Yukarıdaki çalışmamızda uzay ile zaman kavramlarını birbirinden kopardığımızı yani zamanın uzaydan bağımsız olarak akıp giden bir şey olduğunu kabul etmiştik. Buna göre eksen takımımızda yer alan x-,y- ve z- büyüklüklerinin her birinin doğrudan zamana bağlı olduğunu kabul etmemizde bir sakınca yok o halde bu büyüklükleri şekilde gösterildiği gibi x(t), y(t), z(t) biçiminde tanımlayabiliriz. Bu soyut eksen takımı kavramı kimseyi ürkütmesin. Aslında yeryüzeyinin herhangi bir O noktasında ayakta duran bir gözlemcinin ayaklarından başına doğru (yeryüzüne dik doğrultuda) çizildiğini varsaydığımız ve yönünü yerden uzaklaşan yani yukarı doğru seçtiğmiz hayali çizgi üzerindeki ölçümlerimizi z- ile göstereceğimizi kabul etmiş olduk. Aynı gözlemcinin sağ kolunu (vücut düzlemi içinde) yukarı kaldırdığını ve omuzları ile elinin aynı doğru üstünde kaldığını varsayalım. Bu doğru üzerindeki ölçümlerimizi de, gözlemciden uzaklaşan yönü pozitif kabul ederek, x(t) ile gösteriyoruz. Gözlemcimizin sol kolunu da omuz hizasına kadar öne doğru kaldırdığını ve x(t), y(t) eksenlerine dik durumda tuttuğunu varsayarsak, yine gözlemciden uzaklaşan yön pozitif alınmak koşuluyla y(t) eksenimizi elde etmiş oluruz. Bundan sonraki bütün çalışmalarımız bu eksen takımı içinde gerçekleşecek yani her şeyi O noktasında kımıldamadan ve kollarını oynatmadan çakılı duran gözlemcimizin gözüyle göreceğiz. Şunu hemen belirtelim tanımladığımız bir Sağ eksen takımıdır ve bütün çalışmalarımızı, istisnasız olarak, Sağ eksen takımı kullanarak yapacağız. Açıkça görülüyor ki bu eksen takımını, pratikte karşılaştığımız problemleri temsil etmesini isteyerek fakat keyfi olarak böyle seçtik. Elbetteki başka eksen takımları da seçilebilir hatta eksen takımımızın Kartezyen olması da gerekli değildir ve istenirse eğrisel koordinatlar da kullanılabilir. Ancak gerçek problemlerle benzeşimi apaçık olan bu eksen takımını, genellikle, tercih edeceğiz. Çalışmamızın ilk aşamalarında Oxyz eksen takımımızı tamamen hareketsiz kabul edeceğiz; yani olayları Sabit Eksen Takımına bağlı olarak inceleyeceğiz. İleri aşamalarda ise Hareketli Eksen Takımları kullanarak bazı olayları inceleyeceğiz. Üç boyutlu Oxyz eksen takımını bütün problemler için kullanabiliriz. Ancak bazı hareketleri incelerken eksen takımımızı öyle seçebiliriz ki hareketin parametreleri yani tanımlamak için kullanacağımız sayısal değerler eksilir. Bunların en güzel örnekleri şunlardır.
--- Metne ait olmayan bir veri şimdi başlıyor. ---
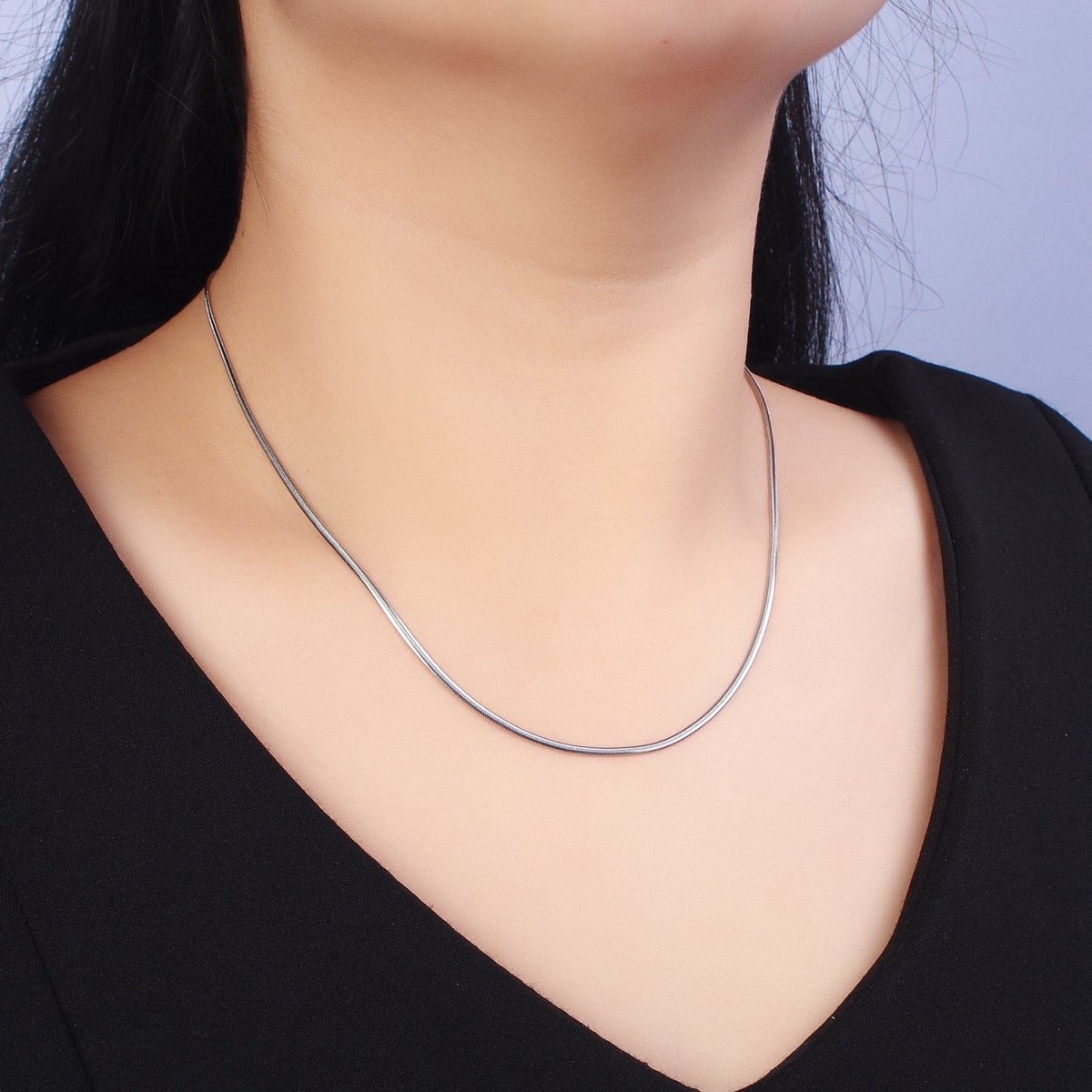 Herringbone Necklace in Gold Stainless Steel Snake Chain 17.75 inch Dainty Ready to Wear Chain for Minimalist Jewelry | WA-1548 WA-1549 Clearance Pricing - DLUXCA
Doğrusal Hareket: Bütün hareketini aynı doğru üzerinde gerçekleştiren bir katı cisim için Oxyz eksen takımımız yerine bu doğru üzerine (ya da ona paralel) yerleştirilmiş bir Ox eksen takımını kullanmayı tercih edeceğiz. Böylece incelediğimiz hareketi yalnızca x(t) parametresine bağlı bir ‘Tek Boyutlu/Doğrusal Hareket’ olarak adlandırabileceğiz.
Düzlemsel Hareket: Bütün hareketin bir düzlem içinde gerçekleşmesi halinde elimizdeki hareketi ‘İki Boyutlu/Düzlemsel Hareket’ olarak adlandıracağız ve bu hareketi, örneğin, Oxz eksen takımında, yalnızca x(t) ve z(t) parametrelerine bağlı olarak, inceleyeceğiz.
Sarkaç Hareketi: Duvardaki saatin sarkacını düşünelim. Hareket daima (duvara paralel) aynı düzlem içindedir. Üstelik Sarkacın konumunu belirlemek için tek bir parametre, örneğin, düşey doğrultu ile yaptığı açının verilmesi yeterlidir. Yani bir ‘Tek Boyutlu Hareket’ söz konusudur.
Silindir/Küre yüzeyi üzerindeki Hareket: Her iki halde de silindir ekseninden olan r = (x2+ y2)1/2 ya da küre merkezinden olan r = (x2+ y2+z2)1/2 mesafesi sabit kalacağından artık Oxyz eksen takımımızın üç serbest değişkeni yoktur; verilen bağıntı serbest değişkenlerimizi bir adet eksiltmiştir. Dolayısı ile ‘İki Boyutlu Hareket’ sözkonusudur. Bu son iki örnekte verilenler gibi hareketleri incelerken artık Oxyz Kartezyen Eksen Takımımızı bir kenara bırakıp geometrik özellikleri bu hareketlere uyan Silindirik (Yarı Kutupsal) ya da Küresel Eksen Takımlarını kullanmayı yeğleyeceğiz.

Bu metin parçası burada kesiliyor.